Exercise » In the listing below, start your output at the line with "Fashion 4 Coach" and end it after the line with "New York Rangers", copying every line exactly.

Source material »
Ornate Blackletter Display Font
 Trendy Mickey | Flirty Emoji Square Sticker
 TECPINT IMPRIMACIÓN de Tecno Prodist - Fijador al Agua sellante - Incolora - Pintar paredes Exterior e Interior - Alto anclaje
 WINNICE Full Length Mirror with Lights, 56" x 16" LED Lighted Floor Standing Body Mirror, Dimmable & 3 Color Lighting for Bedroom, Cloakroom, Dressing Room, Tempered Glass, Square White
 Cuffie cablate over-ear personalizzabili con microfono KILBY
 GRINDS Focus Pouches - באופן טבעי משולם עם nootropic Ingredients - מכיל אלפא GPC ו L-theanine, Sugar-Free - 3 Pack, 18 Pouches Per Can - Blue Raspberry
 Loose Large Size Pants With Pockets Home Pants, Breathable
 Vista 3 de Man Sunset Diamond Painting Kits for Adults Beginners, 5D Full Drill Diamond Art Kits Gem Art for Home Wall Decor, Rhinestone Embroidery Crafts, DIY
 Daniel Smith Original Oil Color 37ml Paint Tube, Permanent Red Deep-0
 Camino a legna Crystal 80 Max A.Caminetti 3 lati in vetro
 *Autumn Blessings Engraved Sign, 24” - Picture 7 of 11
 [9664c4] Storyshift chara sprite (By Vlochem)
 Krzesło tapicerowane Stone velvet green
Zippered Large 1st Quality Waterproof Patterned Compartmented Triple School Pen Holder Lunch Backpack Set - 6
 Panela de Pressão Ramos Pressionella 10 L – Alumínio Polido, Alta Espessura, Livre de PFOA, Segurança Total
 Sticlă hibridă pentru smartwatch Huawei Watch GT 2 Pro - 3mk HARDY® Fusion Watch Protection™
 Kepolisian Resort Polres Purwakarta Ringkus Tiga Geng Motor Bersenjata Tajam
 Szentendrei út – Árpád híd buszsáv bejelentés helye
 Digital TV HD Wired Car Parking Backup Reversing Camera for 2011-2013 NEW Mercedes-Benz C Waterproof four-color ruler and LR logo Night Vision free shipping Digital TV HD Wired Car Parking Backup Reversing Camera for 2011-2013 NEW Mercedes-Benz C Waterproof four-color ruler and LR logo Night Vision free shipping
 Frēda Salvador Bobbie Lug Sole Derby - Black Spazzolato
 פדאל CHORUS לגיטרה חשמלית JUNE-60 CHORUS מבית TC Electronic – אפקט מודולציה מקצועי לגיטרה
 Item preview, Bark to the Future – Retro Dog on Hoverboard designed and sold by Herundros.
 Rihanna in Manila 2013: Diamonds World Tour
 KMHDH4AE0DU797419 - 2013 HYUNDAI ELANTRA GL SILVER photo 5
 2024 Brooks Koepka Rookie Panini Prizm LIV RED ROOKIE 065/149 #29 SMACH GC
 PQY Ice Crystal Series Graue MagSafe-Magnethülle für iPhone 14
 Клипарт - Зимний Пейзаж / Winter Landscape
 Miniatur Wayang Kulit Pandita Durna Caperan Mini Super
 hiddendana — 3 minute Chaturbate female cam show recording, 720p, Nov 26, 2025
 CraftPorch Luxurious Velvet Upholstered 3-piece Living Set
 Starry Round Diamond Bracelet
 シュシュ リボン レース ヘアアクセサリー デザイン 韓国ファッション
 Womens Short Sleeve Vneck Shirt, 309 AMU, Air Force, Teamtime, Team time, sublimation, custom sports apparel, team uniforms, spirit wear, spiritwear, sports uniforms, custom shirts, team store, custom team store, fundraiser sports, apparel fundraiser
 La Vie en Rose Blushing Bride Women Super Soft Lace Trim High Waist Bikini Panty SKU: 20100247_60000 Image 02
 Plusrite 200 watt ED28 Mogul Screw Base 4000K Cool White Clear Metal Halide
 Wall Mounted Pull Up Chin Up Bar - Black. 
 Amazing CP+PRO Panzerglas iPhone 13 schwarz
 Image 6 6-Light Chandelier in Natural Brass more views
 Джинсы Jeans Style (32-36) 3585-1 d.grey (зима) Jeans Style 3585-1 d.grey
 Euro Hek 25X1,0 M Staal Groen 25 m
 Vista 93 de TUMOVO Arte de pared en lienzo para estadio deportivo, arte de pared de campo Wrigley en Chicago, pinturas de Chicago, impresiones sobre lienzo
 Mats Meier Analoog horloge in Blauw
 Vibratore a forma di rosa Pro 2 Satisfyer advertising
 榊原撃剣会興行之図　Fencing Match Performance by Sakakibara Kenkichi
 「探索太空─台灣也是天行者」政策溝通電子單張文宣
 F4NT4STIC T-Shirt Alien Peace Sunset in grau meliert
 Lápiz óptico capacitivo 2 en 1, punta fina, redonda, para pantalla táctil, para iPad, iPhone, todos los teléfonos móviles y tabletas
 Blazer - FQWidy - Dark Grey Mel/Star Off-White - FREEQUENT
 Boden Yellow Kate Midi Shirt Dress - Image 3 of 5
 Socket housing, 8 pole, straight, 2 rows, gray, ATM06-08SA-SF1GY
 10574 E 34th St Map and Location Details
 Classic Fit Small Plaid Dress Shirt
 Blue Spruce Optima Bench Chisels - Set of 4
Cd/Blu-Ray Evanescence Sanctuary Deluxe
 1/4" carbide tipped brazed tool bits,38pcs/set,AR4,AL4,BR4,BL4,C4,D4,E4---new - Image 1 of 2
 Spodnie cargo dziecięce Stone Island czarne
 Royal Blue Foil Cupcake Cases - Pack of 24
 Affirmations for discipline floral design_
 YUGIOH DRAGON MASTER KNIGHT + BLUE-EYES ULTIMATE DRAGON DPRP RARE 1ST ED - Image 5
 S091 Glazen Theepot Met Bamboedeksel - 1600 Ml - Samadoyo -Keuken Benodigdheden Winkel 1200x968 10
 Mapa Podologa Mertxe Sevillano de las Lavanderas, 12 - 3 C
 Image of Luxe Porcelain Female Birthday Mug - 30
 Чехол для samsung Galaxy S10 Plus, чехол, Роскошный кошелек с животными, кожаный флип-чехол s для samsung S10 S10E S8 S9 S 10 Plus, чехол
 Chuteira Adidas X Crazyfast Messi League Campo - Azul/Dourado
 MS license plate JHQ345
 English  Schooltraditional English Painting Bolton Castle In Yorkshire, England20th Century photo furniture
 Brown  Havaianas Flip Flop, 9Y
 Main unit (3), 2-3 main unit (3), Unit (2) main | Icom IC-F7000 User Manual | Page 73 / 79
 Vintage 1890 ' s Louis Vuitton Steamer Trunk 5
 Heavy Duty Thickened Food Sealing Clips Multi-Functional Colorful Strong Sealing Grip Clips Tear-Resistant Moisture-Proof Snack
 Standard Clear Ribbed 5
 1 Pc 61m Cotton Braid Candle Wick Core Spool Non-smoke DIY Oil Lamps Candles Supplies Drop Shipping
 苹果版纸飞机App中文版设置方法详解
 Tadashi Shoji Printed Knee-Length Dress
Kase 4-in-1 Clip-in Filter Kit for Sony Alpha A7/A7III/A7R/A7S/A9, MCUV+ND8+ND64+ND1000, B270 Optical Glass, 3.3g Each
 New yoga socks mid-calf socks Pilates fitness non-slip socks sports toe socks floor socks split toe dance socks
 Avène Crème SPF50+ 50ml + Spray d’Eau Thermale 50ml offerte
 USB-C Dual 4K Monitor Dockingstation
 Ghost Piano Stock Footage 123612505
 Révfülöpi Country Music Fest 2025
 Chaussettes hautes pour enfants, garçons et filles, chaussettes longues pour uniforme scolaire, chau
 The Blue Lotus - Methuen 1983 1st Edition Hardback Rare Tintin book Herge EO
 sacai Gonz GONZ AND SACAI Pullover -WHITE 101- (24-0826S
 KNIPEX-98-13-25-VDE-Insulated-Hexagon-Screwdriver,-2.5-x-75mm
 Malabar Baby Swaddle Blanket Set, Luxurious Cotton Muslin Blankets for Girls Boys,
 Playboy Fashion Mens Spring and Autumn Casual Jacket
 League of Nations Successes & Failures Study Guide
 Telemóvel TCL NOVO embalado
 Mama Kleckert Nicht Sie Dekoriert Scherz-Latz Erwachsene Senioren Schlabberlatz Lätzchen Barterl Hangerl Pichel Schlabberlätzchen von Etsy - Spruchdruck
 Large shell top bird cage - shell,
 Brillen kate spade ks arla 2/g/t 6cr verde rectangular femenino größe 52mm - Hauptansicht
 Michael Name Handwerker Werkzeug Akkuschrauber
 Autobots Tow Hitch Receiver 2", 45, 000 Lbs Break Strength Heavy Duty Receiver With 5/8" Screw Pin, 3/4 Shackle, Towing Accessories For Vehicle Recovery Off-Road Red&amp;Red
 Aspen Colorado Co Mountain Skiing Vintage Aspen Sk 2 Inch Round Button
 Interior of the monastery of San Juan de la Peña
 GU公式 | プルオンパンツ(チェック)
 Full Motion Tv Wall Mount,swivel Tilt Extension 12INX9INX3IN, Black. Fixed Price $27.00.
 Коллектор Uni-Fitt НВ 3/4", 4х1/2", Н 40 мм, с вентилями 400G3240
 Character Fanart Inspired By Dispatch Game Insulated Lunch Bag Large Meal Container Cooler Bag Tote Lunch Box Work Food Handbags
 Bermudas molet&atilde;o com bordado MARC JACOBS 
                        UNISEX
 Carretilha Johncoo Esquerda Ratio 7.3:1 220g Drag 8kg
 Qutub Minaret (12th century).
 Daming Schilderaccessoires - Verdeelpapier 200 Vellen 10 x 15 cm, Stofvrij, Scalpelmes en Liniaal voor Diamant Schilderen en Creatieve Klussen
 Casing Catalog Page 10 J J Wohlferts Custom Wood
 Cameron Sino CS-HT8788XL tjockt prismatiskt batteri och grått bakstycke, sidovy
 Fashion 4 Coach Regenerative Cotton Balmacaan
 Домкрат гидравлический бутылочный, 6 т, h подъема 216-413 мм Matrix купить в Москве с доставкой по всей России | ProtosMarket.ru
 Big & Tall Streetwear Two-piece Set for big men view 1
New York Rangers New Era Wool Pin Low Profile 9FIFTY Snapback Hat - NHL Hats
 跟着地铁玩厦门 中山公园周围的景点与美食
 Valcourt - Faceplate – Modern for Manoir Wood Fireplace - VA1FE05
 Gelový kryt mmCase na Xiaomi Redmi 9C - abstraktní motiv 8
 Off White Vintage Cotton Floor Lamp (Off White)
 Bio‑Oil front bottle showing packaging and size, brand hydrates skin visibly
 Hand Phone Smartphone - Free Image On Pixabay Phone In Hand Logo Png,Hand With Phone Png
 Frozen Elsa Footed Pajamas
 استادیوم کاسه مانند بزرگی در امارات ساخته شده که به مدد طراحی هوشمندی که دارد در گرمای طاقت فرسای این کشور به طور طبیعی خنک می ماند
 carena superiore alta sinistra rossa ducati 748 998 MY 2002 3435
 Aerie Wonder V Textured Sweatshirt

Solution for this task »
 Fashion 4 Coach Regenerative Cotton Balmacaan
 Домкрат гидравлический бутылочный, 6 т, h подъема 216-413 мм Matrix купить в Москве с доставкой по всей России | ProtosMarket.ru
 Big & Tall Streetwear Two-piece Set for big men view 1
New York Rangers New Era Wool Pin Low Profile 9FIFTY Snapback Hat - NHL Hats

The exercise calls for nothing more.